Elizabeth Wurtzel has ordered coffee.
Before it comes, a detour. A few years ago, I was interviewing Spalding Gray, a writer who makes art out of autobiography. He had written a book called Impossible Vacation. He called it a memoir, his publishers called it a novel.
Truth became fiction. Spalding was in a bad way. He told me he had been up all night, contemplating suicide. He was ill, and he didn’t want to be in a crappy London hotel flogging his book, when he could have been in Mexico sampling psychotropic drugs. It felt awkward in that room, him on the verge of jacking it in, me feeling worried, but pleased. It was terrible, this talk of death, but it was great material.

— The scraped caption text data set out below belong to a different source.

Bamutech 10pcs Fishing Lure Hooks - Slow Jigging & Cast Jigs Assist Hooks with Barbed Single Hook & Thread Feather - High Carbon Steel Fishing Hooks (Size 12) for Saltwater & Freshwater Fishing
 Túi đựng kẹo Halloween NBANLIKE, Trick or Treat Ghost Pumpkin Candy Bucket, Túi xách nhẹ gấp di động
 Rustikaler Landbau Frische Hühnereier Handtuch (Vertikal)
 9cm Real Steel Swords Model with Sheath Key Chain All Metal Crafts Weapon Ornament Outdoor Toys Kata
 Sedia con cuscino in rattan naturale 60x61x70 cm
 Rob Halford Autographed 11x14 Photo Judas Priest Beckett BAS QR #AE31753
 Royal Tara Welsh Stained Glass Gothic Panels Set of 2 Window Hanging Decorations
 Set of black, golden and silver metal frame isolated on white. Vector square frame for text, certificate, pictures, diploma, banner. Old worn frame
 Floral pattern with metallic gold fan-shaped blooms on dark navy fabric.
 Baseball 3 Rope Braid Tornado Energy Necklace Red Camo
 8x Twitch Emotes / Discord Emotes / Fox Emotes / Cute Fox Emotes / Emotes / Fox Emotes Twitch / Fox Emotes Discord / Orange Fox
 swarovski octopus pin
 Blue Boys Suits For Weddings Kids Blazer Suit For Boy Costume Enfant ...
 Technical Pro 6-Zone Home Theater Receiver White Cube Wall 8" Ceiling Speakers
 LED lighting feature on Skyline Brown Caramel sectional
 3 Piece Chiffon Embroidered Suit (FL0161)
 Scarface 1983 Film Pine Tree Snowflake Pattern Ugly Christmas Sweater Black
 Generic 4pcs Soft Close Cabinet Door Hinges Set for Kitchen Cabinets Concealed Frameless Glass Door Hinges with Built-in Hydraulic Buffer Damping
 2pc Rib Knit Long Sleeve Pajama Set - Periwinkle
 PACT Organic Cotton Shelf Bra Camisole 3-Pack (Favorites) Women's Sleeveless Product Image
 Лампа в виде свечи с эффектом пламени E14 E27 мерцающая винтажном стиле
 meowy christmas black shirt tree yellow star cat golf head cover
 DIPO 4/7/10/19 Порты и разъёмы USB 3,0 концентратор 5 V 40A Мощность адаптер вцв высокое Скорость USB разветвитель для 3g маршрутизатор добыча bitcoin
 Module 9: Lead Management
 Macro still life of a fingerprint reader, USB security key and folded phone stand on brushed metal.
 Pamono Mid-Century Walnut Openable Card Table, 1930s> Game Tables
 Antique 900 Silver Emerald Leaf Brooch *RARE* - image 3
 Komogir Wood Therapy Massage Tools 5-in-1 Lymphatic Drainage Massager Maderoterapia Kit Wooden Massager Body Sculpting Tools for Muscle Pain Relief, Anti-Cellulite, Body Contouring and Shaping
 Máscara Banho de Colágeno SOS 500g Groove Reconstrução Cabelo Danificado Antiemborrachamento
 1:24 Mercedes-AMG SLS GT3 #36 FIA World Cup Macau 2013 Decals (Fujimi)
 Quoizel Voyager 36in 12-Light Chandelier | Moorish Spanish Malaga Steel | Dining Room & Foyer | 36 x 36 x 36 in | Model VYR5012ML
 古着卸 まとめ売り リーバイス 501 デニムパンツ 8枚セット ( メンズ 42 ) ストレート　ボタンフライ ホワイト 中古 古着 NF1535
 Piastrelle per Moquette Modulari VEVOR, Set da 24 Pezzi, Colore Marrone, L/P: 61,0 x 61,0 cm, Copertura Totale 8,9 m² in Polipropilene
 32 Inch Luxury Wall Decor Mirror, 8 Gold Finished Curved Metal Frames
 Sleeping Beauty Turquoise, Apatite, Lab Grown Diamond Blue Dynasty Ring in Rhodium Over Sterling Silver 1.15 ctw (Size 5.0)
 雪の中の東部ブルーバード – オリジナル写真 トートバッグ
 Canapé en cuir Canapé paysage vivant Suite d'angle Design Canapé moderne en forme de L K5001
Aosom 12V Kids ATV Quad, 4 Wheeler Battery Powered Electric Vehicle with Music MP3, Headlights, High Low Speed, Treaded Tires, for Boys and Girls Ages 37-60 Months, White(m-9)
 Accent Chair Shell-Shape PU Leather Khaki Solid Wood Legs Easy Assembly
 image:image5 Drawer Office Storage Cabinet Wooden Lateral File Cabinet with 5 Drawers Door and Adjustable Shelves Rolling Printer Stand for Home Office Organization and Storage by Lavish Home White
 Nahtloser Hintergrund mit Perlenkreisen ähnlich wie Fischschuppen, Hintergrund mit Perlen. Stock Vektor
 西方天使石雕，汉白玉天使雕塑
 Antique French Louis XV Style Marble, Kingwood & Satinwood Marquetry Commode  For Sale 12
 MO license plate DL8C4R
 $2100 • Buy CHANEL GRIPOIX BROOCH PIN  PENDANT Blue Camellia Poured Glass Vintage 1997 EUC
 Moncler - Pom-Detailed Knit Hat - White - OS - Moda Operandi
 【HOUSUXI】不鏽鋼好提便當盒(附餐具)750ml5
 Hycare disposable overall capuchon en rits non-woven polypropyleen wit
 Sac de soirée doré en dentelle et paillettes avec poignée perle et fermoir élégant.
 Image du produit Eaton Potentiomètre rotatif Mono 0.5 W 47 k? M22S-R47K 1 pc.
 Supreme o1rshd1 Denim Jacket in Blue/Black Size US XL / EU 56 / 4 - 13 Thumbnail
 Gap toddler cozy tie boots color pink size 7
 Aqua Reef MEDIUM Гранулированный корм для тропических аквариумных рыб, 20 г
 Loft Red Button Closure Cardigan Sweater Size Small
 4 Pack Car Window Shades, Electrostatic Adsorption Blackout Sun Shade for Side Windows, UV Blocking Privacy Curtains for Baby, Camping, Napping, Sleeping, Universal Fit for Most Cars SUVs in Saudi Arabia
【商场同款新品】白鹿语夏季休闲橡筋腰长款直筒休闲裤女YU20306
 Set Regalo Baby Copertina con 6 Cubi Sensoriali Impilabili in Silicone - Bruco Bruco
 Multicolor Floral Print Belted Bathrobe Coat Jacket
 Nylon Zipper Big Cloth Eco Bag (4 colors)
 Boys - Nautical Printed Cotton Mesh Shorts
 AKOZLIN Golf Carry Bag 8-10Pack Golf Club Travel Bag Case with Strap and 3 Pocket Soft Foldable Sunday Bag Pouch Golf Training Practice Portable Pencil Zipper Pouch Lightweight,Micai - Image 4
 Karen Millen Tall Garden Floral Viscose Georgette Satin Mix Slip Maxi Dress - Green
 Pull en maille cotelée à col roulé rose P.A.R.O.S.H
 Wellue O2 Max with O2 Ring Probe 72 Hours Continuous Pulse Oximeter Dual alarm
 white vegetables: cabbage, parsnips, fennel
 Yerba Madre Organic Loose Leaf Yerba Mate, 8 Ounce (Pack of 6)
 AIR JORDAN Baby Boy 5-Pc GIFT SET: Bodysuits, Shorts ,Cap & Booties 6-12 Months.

Flash forward. I am in a crappy five star hotel in Edinburgh with Elizabeth Wurtzel, telling her about Spalding Gray. It turns out she loves Gray, and may even be flattered to be compared with him. I am telling her that Gray really did seem to be on the verge of oblivion when I met him, and there was something attractive about someone who could share their intimacies with a stranger. Then, a year or two later, Gray published a monologue about his suicidal urges. Was he merely practising his art when I met him - trying out his story? Where, in this process, was the truth?
Wurtzel has ordered iced water, fresh grapefruit juice, and coffee, with cream, all to be served before her lunch, which will be macaroni cheese with parma ham. We discuss the Scottish approach to service, and she looks almost happy when I tell her that good service is anathema to the Scottish character, and that her order will be brought reluctantly, if at all.
“You know,” she says, “tip stands for ‘to improve performance’.”
Still, she is disappointed when the water arrives without ice, the juice isn’t fresh (“well, fresh from the bar”) and the macaroni is rigatoni. The coffee doesn’t come.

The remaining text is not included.